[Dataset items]
* * *
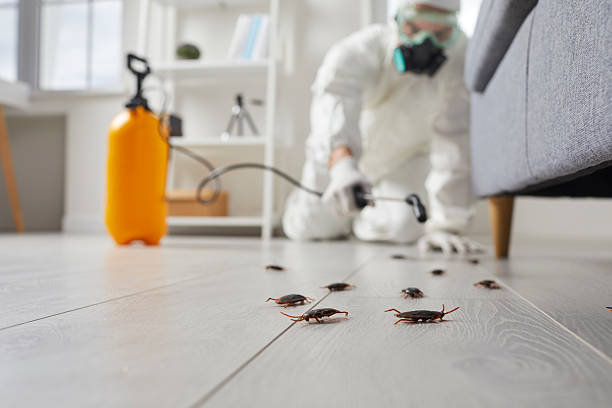 Commercial Kitchen Cockroach Control in Agua Dulce
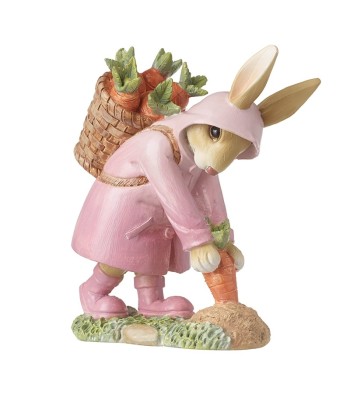 Rabbit In Raincoat Pulling...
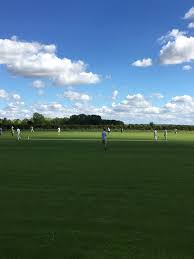 Image result for All Cannings Cricket Club
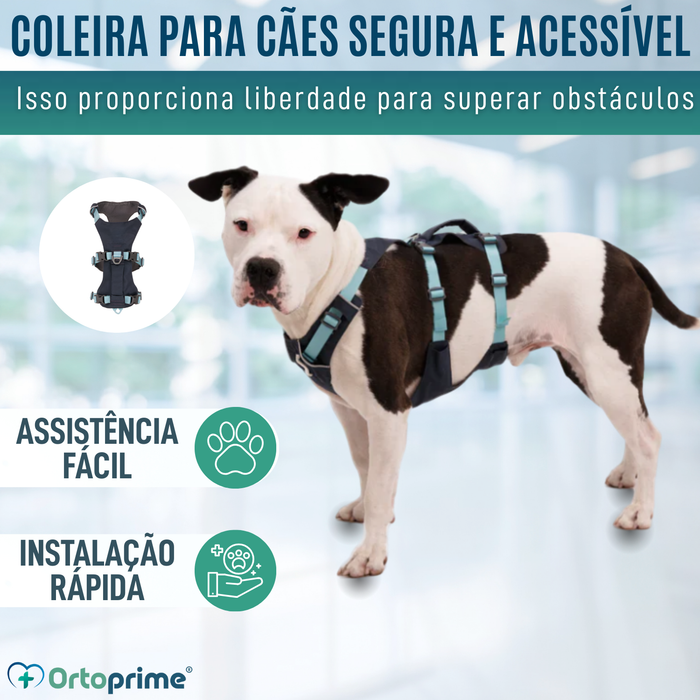 Arnês de Elevação Multiuso Canino | Estrutura Resistente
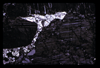 ap1605_09_02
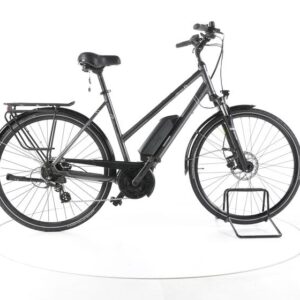 Triumph E-Bird Ultra 500 Trekking E-Bike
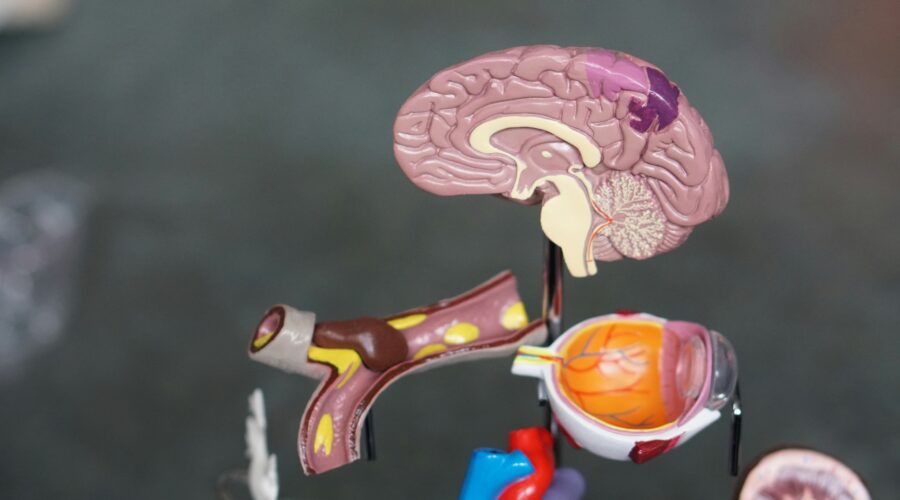 Autonomic Nervous System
* * *
> _What to produce_
Once the pictures are removed, output the entries above exactly as given.

> _Your solution_
 Commercial Kitchen Cockroach Control in Agua Dulce
 Rabbit In Raincoat Pulling...
 Image result for All Cannings Cricket Club
 Arnês de Elevação Multiuso Canino | Estrutura Resistente
 ap1605_09_02
 Triumph E-Bird Ultra 500 Trekking E-Bike
 Autonomic Nervous System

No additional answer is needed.